The Telecommunications (Interception and Access) Amendment (Data Retention) Bill 2015 (Cth) (Data Retention Bill) is now law in Australia after stumbling its way through the lower house and senate last week despite vocal public opposition, such as Get-Up’s ‘Citizens Not Suspects’ petition, and warnings from industry groups about the high price for mandatory data retention.

Data retention obligation

Now that the laws have passed, industry players need to quickly come to terms with their new data retention obligations. Telecommunications or internet service providers (service providers) will be required to retain their customers’ metadata for two years.

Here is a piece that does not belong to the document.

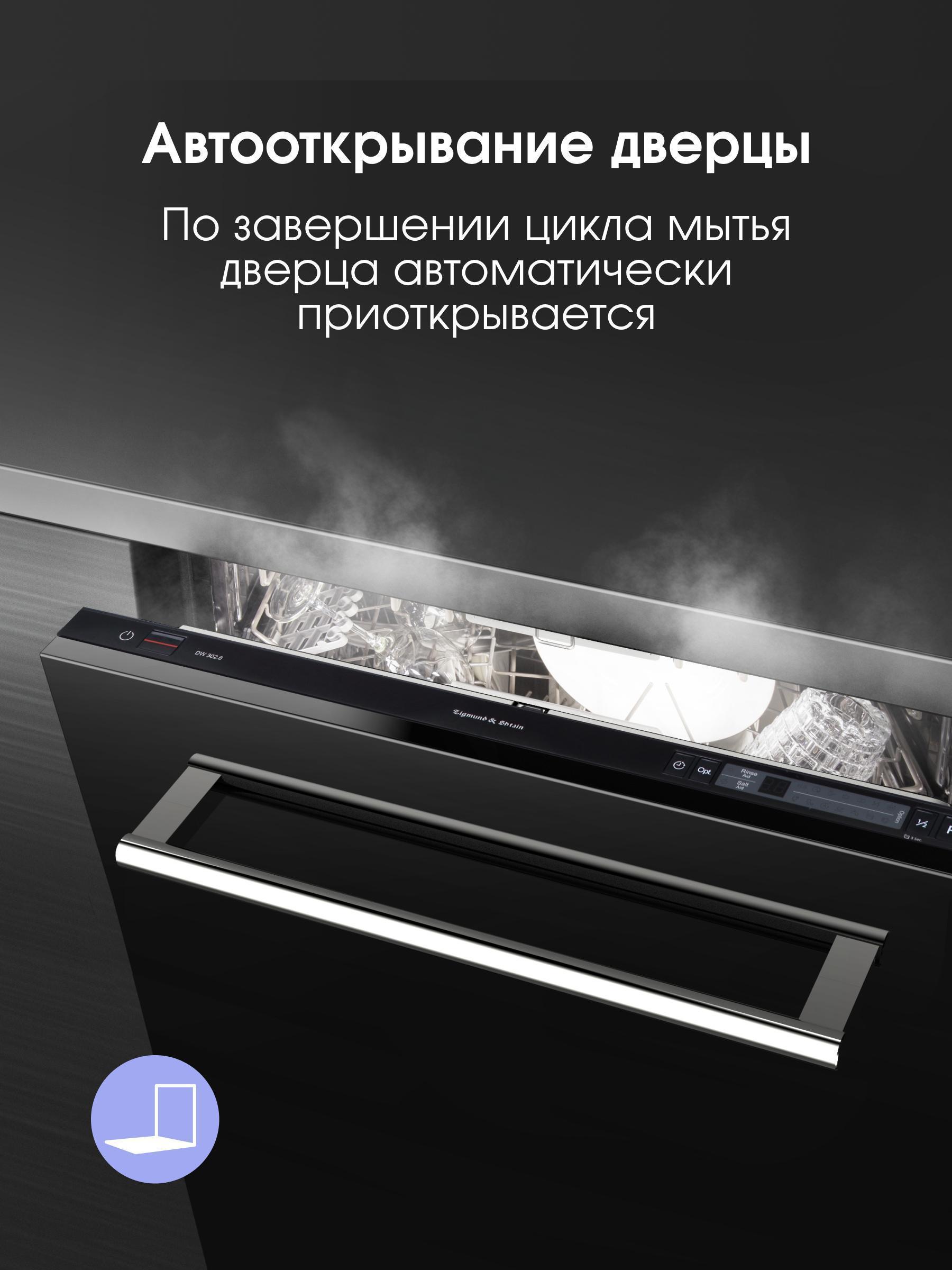 https://img.mvideo.ru/Big/a45fb380-3a70-4a69-8637-4aa948423294.jpg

Metadata that service providers must keep includes:

·         account and service information

·         source of a communication

·         destination of a communication

·         date, time and duration of a communication

·         type of a communication or of a relevant service used in connection with a communication

·         location of equipment, or a line, used in connection with a communication.

Service providers must keep the metadata confidential by encrypting the information and protecting it from unauthorised interference or access.

Deadlines?

While there is no deadline stipulated under the Data Retention Bill for the service provider to lodge a Plan, if a service provider does not have a Plan approved by the date that is six months from the Royal Assent of the Bill, it will have to be fully compliant with the new laws at that time.

Penalties for non-compliance

Penalties for non-compliance include fines up to $250,000 for each breach of key provisions of the new data retention laws. Additionally, an authorised officer may issue an infringement notice if the officer believes that a breach has occurred.